--- START ---

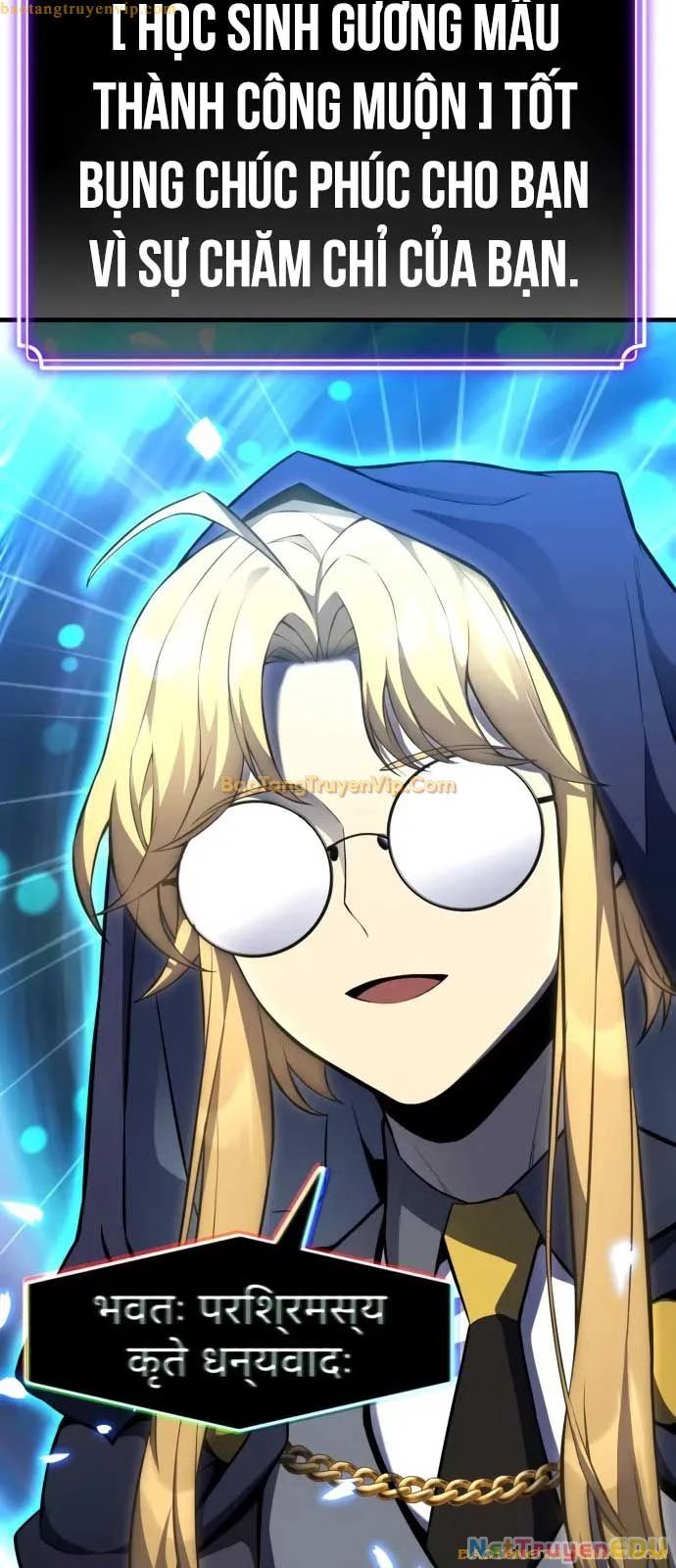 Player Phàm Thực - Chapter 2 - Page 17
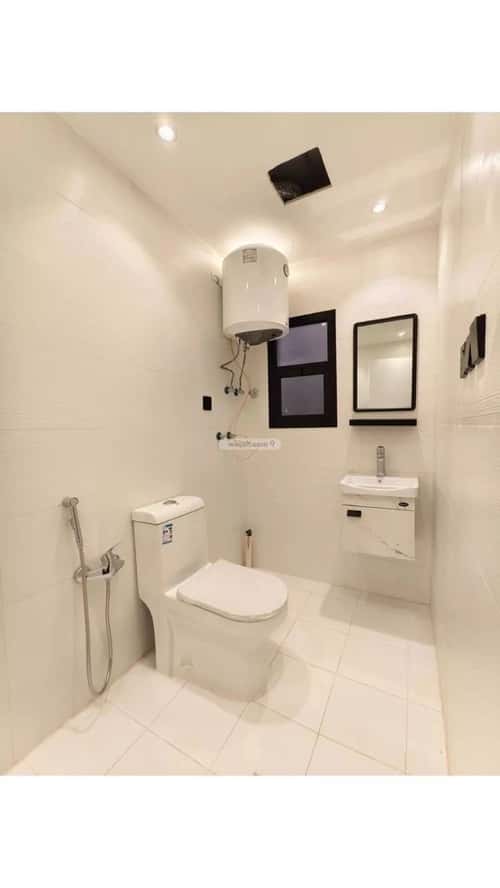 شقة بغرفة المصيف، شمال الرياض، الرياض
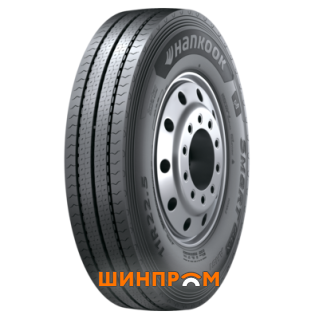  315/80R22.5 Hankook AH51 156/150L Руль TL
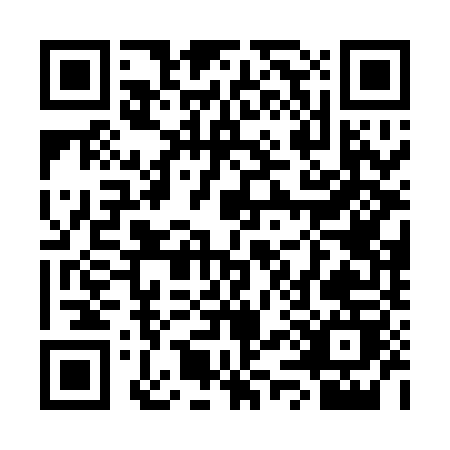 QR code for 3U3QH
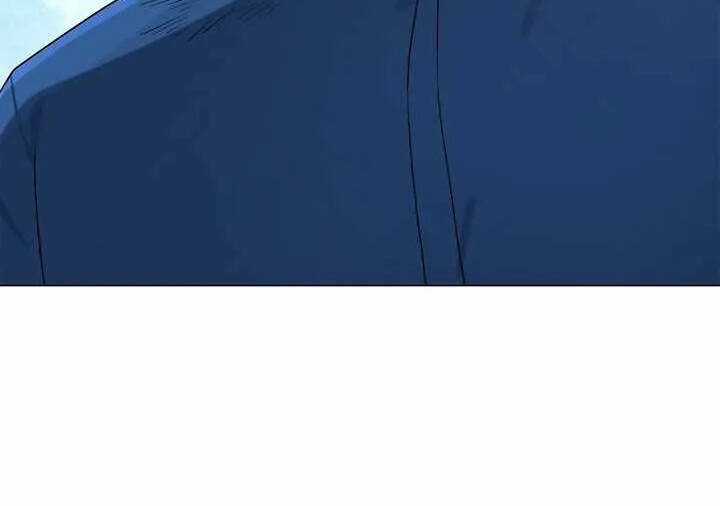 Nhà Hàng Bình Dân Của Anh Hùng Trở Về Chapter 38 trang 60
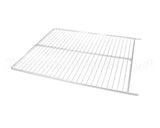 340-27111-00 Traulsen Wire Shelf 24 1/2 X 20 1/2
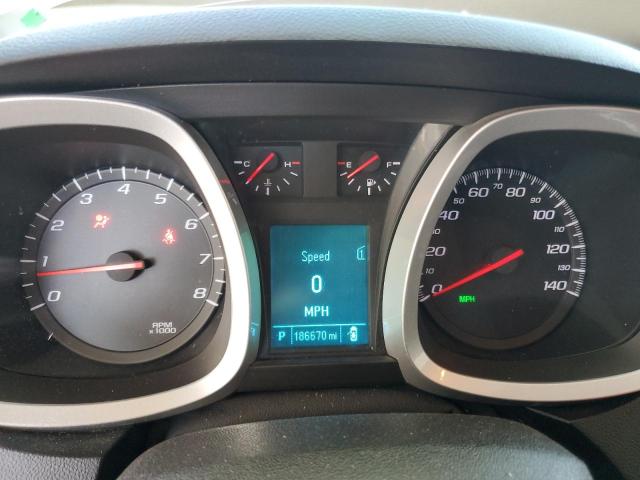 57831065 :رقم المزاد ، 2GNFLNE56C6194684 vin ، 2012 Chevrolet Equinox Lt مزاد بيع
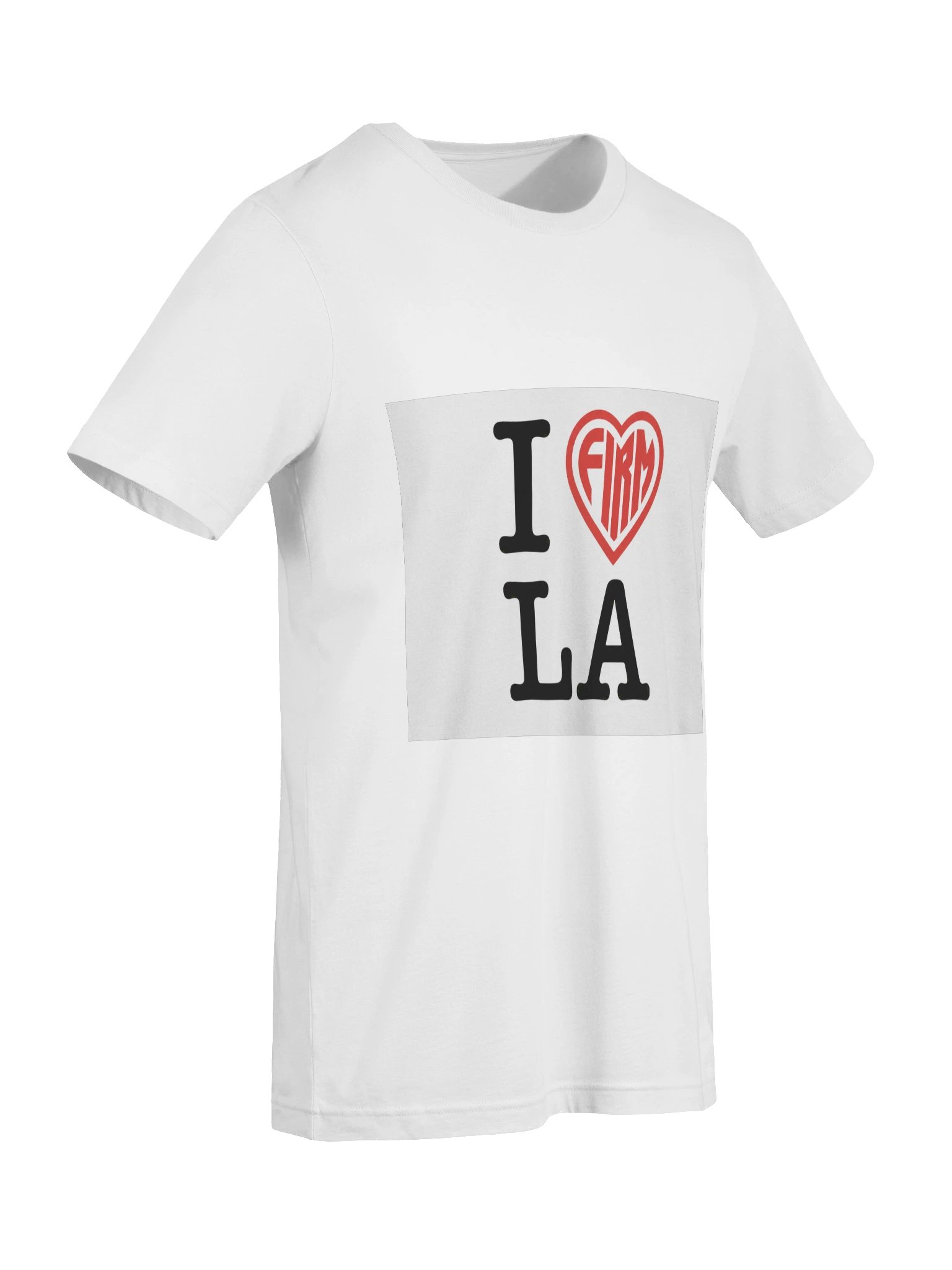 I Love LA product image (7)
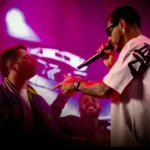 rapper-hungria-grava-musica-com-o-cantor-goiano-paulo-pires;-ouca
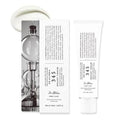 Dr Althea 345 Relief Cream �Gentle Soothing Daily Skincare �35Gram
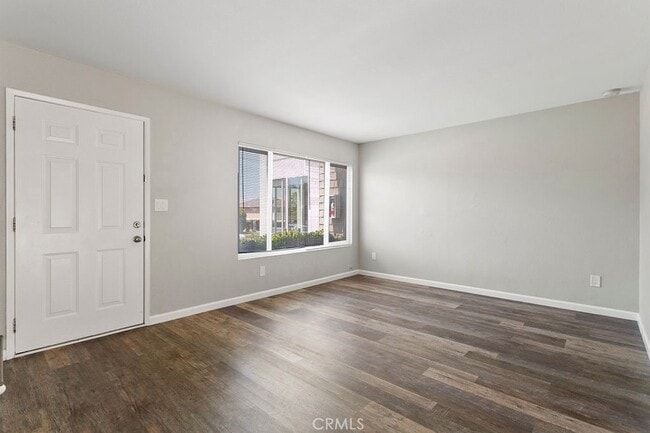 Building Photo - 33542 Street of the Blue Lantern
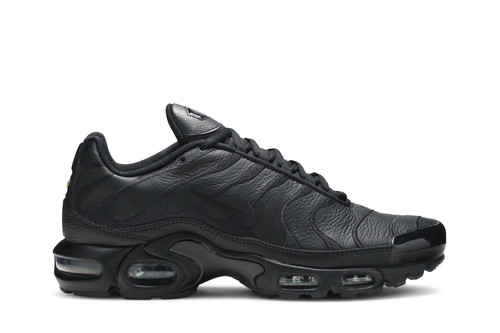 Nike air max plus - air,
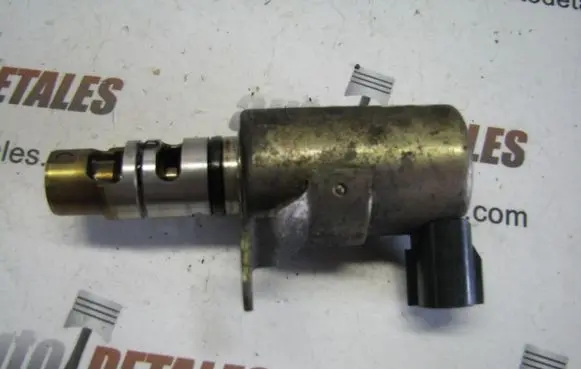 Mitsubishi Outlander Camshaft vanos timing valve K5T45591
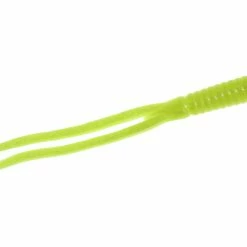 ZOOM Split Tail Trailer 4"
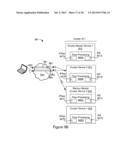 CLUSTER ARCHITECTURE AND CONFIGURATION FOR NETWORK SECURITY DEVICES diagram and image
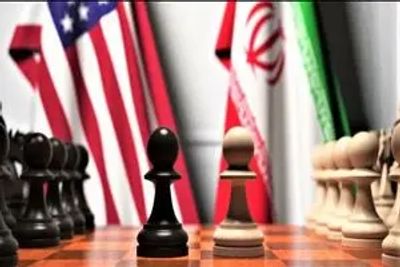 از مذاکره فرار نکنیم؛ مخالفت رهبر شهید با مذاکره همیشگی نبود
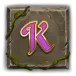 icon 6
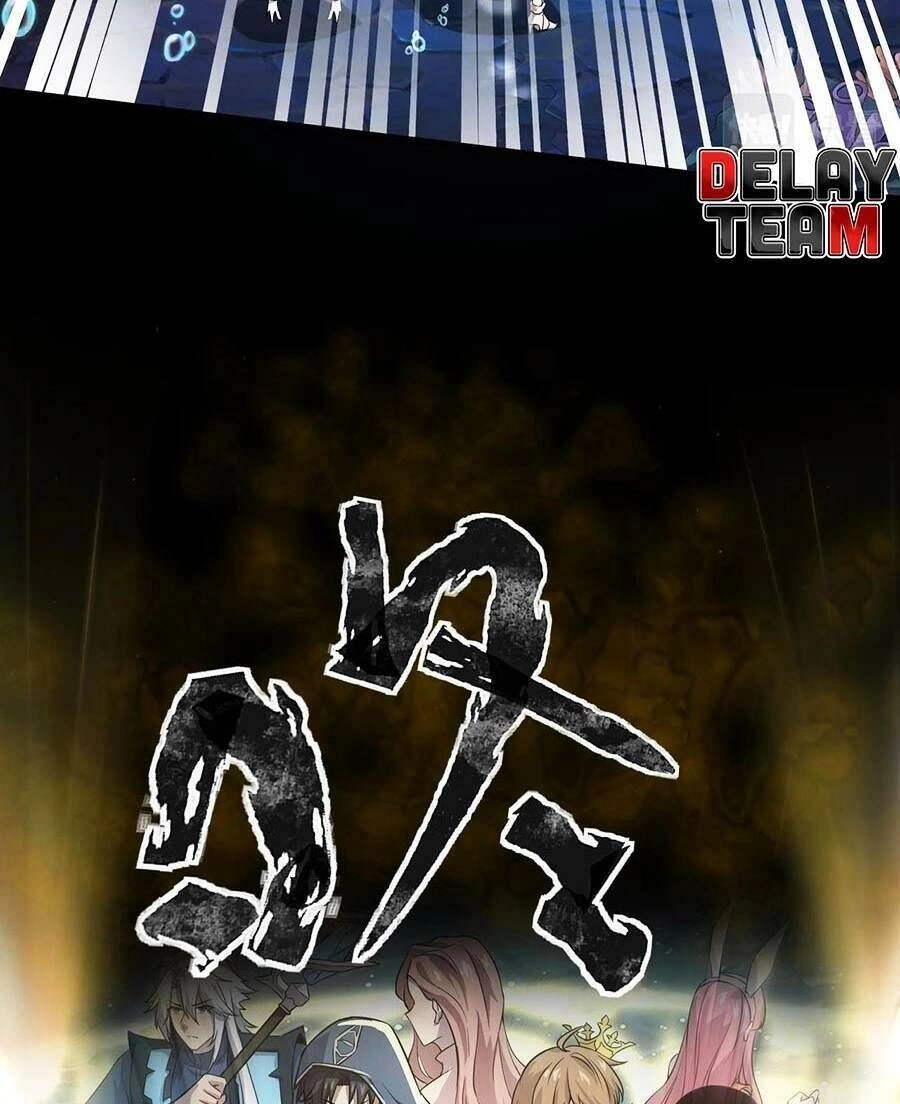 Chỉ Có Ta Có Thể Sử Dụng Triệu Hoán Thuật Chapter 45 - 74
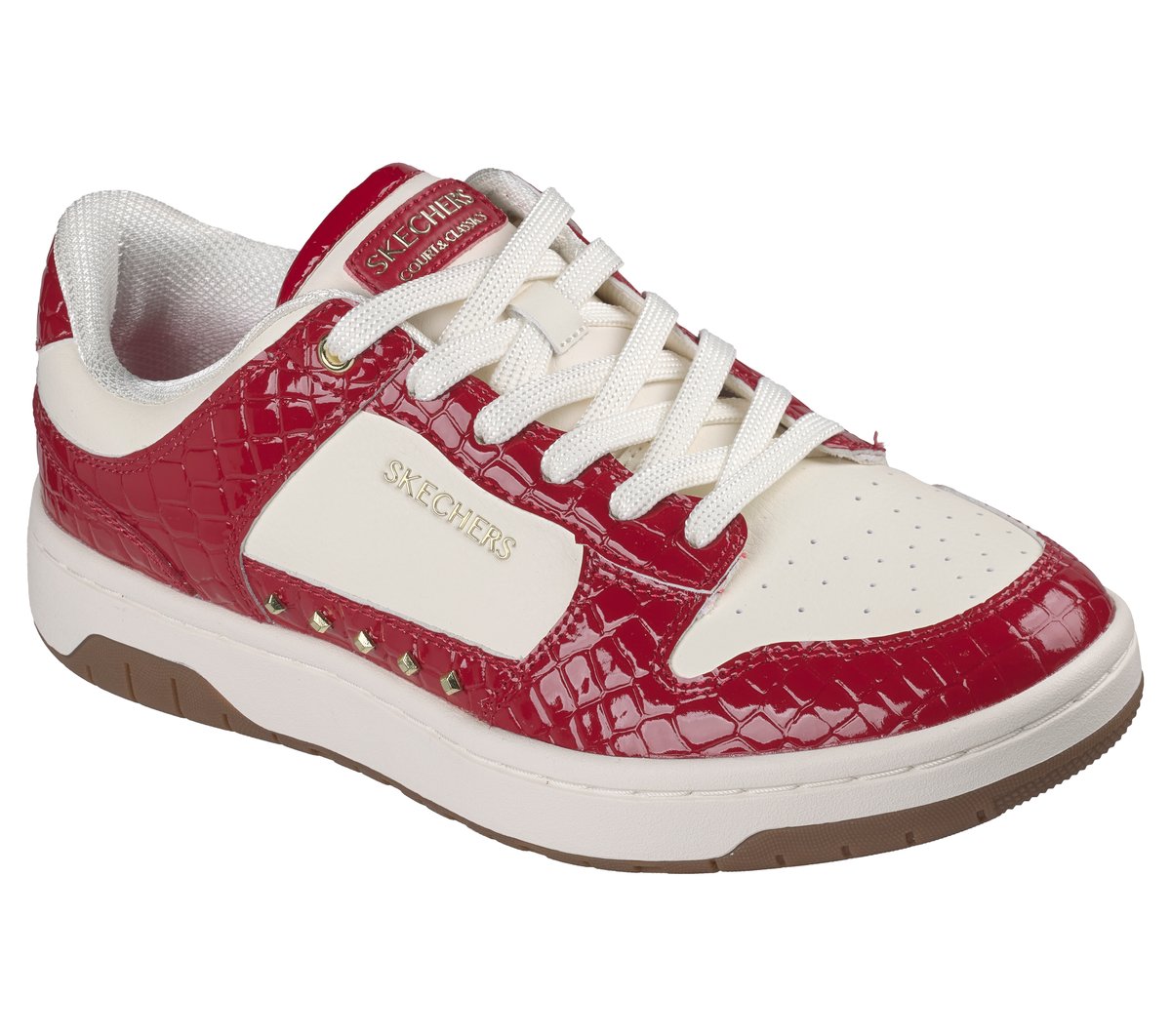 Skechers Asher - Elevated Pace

--- END ---

• _Work item_: In your copy of the entries above, keep the text exact and leave out the pictures.

• _Reply_:
 Player Phàm Thực - Chapter 2 - Page 17
 شقة بغرفة المصيف، شمال الرياض، الرياض
  315/80R22.5 Hankook AH51 156/150L Руль TL
 QR code for 3U3QH
 Nhà Hàng Bình Dân Của Anh Hùng Trở Về Chapter 38 trang 60
 340-27111-00 Traulsen Wire Shelf 24 1/2 X 20 1/2
 57831065 :رقم المزاد ، 2GNFLNE56C6194684 vin ، 2012 Chevrolet Equinox Lt مزاد بيع
 I Love LA product image (7)
 rapper-hungria-grava-musica-com-o-cantor-goiano-paulo-pires;-ouca
 Dr Althea 345 Relief Cream �Gentle Soothing Daily Skincare �35Gram
 Building Photo - 33542 Street of the Blue Lantern
 Nike air max plus - air,
 Mitsubishi Outlander Camshaft vanos timing valve K5T45591
 ZOOM Split Tail Trailer 4"
 CLUSTER ARCHITECTURE AND CONFIGURATION FOR NETWORK SECURITY DEVICES diagram and image
 از مذاکره فرار نکنیم؛ مخالفت رهبر شهید با مذاکره همیشگی نبود
 icon 6
 Chỉ Có Ta Có Thể Sử Dụng Triệu Hoán Thuật Chapter 45 - 74
 Skechers Asher - Elevated Pace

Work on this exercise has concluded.